BEGIN

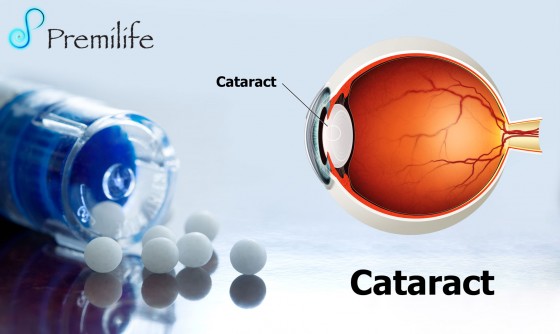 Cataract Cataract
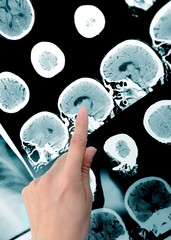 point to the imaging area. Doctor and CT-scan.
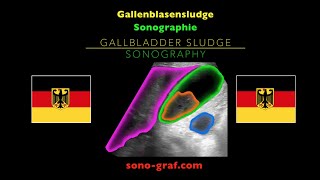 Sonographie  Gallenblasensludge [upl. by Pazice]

END
BEGIN

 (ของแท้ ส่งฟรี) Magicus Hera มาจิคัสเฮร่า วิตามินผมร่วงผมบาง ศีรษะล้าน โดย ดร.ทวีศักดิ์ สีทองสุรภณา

END

* _WHAT TO PRODUCE_
Give back the exact lines above, running from the one that has "Cataract Cataract" through the one that has "[upl. by Pazice]", with nothing added and no pictures.

* _THE COMPLETED TASK_
 Cataract Cataract
 point to the imaging area. Doctor and CT-scan.
 Sonographie  Gallenblasensludge [upl. by Pazice]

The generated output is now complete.